Data Analysis Data Wrangling Tutorial

cut() Method: Bin Values into Discrete Intervals

Import Modules

import pandas as pd
import numpy as np

Why Bin Data

Often times you have numerical data on very large scales. Sometimes, it can be easier to bin the values into groups. This is helpful to more easily perform descriptive statistics by groups as a generalization of patterns in the data.

We'll cover an example below of binning age values into groups.

Binning in pandas with Age Example

First, let's create a simple pandas DataFrame assigned to the variable df_ages with just one colum for age. This column will contain 40 random age values between 20 and 100 (inclusive on each end).

df_ages = pd.DataFrame({'age': np.random.randint(20, 100, 40)})

Let's preview the first 5 rows of df_ages.

df_ages.head()
age
0 37
1 37
2 84
3 99
4 93

Ages are often denoted by decade - saying people are in their 20s or 30s. To get to that denotion, it helps to understand that someone in their 20s is between the age of 20-29. Let's create a new column called age_range that provides that nearly 10-year window of ages.

First, let's create a list assigned to the variable age_ranges that creates list items in a list comprehension. Each list item created is a value of age - age+9 for ages in the range of 20 to 100 with a step value of 10. I also printed the output of age_ranges.
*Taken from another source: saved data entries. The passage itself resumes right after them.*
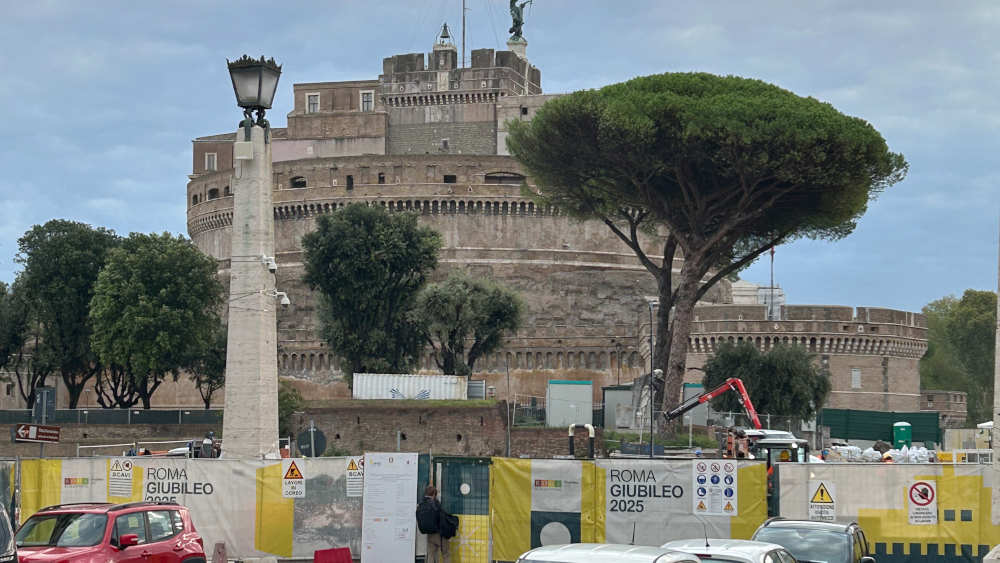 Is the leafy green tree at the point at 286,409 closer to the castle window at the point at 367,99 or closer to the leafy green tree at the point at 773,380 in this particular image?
the leafy green tree at the point at 773,380

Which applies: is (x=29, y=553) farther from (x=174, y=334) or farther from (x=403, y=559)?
(x=174, y=334)

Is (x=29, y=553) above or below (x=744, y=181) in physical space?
below

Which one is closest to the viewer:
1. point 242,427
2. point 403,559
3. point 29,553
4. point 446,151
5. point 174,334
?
point 29,553

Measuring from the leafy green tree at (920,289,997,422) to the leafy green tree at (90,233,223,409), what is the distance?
45563 millimetres

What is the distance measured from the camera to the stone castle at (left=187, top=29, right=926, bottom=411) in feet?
192

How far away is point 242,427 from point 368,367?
35.5m

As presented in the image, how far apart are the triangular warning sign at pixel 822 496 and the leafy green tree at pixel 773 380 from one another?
33.5 m

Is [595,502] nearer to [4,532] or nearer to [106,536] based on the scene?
[106,536]

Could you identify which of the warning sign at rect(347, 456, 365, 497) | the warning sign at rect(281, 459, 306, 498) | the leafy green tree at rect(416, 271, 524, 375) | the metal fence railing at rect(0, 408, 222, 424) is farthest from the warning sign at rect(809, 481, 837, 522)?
the leafy green tree at rect(416, 271, 524, 375)

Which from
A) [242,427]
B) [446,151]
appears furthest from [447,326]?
[242,427]

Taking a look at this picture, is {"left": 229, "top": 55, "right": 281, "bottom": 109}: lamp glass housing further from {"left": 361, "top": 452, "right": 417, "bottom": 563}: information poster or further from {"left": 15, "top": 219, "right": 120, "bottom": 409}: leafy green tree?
{"left": 15, "top": 219, "right": 120, "bottom": 409}: leafy green tree

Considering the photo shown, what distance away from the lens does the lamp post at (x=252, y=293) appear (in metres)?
19.7

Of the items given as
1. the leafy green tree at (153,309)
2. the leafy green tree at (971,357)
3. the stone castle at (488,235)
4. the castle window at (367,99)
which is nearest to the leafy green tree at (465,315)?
the stone castle at (488,235)

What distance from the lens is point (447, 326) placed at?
5588cm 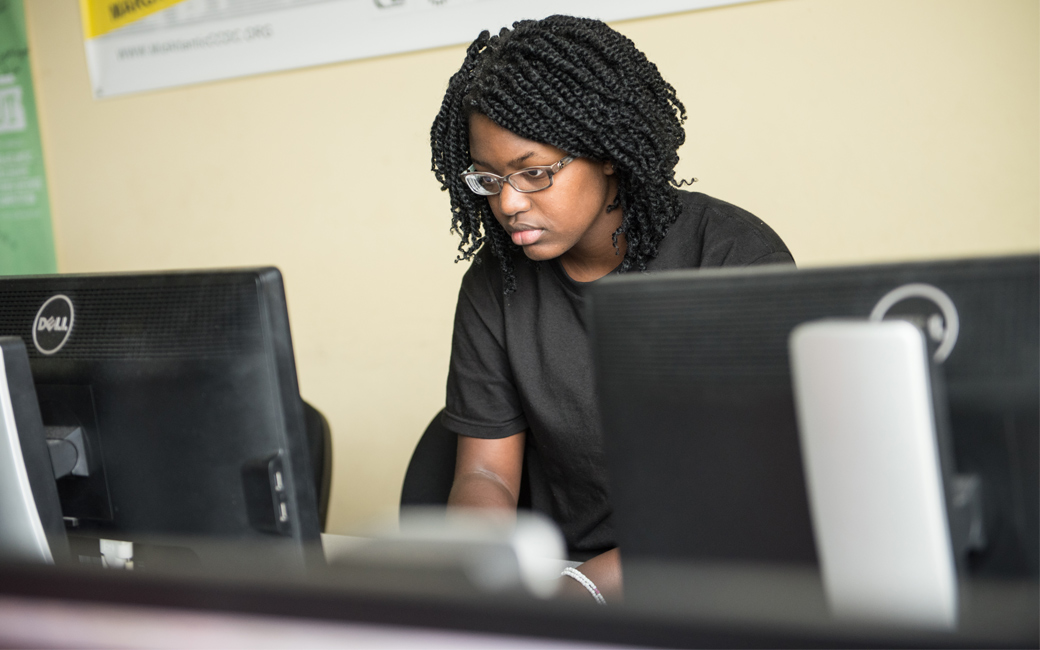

If the syntax below still seems daunting, you can learn more about string formatting from this tutorial on my website and the range() function via this article on Real Python.

age_ranges = ["{0} - {1}".format(age, age + 9) for age in range(20, 100, 10)]
age_ranges
['20 - 29',
 '30 - 39',
 '40 - 49',
 '50 - 59',
 '60 - 69',
 '70 - 79',
 '80 - 89',
 '90 - 99']

Create a variable count_unique_age_ranges that's the count of items in the age_ranges list above.

count_unique_age_ranges = len(age_ranges)
count_unique_age_ranges
8

In order to bin our ages, we want to use the pandas cut() method.

For the argument x, we pass in the values in the age column from our df_ages DataFrame.

For the argument bins, we pass in the number of bins we want to create designated by the variable count_unique_age_ranges.

For the argument labels, we specify the labels for our returned binned column which is the list we created above assigned to the variable age_ranges.

With the returned output of the cut() method, we'll create a new column in df_ages called age_range.

Since we want 8 bins originally from the age column, this cut() method knows to make bins with ages between 20-29, 30-39 and so forth. It just so happens that we designate the values in age_range to be a similar looking string value.

The order of values we specify in the labels age_ranges matter too! The first item, 20-29, corresponds to the first bin created that will contain age values in the range of 20-29, and so forth.

df_ages['age_range'] = pd.cut(x=df_ages['age'], bins=count_unique_age_ranges, labels=age_ranges)

Let's preview the first few rows of df_ages.

df_ages.head()
age age_range
0 37 30 - 39
1 37 30 - 39
2 84 80 - 89
3 99 90 - 99
4 93 90 - 99

We can apply the info() method to our DataFrame. Notice next to our new column called age_range that the data type is a category.

df_ages.info()
<class 'pandas.core.frame.DataFrame'>
RangeIndex: 40 entries, 0 to 39
Data columns (total 2 columns):
age          40 non-null int64
age_range    40 non-null category
dtypes: category(1), int64(1)
memory usage: 504.0 bytes

Let's create another new column to define someone's age denoted by decade. So, if you're 28, you're in your 20s and if you're 54, you're in your 50s. We'll later call this column age_by_decade.

First, let's create a list assigned to the variable age_by_decade that creates list items by the decade names. We'll simply take each age from 20 to 100 with a step of 10 and simply append an s to the end of each age value.

age_by_decade = ["{0}s".format(age) for age in range(20, 100, 10)]
age_by_decade
['20s', '30s', '40s', '50s', '60s', '70s', '80s', '90s']

Create a variable count_unique_age_decades that's the count of items in the age_by_decade list above.

count_unique_age_decades = len(age_by_decade)
count_unique_age_decades
8

Let's create a new column called age_by_decade that's made using the pandas cut() method.

For the argument x, we pass in the values in the age column from our df_ages DataFrame.

For the argument bins, we pass in the number of bins we want to create designated by the variable count_unique_age_decades.

For the argument labels, we specify the labels for our returned binned column which is the list we created above assigned to the variable age_by_decade.

With the returned output of the cut() method, we'll create a new column in df_ages called age_by_decade.

df_ages['age_by_decade'] = pd.cut(x=df_ages['age'], bins=count_unique_age_decades, labels=age_by_decade)

Preview the first 5 rows of df_ages.

df_ages.head()
age age_range age_by_decade
0 37 30 - 39 30s
1 37 30 - 39 30s
2 84 80 - 89 80s
3 99 90 - 99 90s
4 93 90 - 99 90s

You can learn more about the intricate details of the Pandas cut() method on the official documentation page.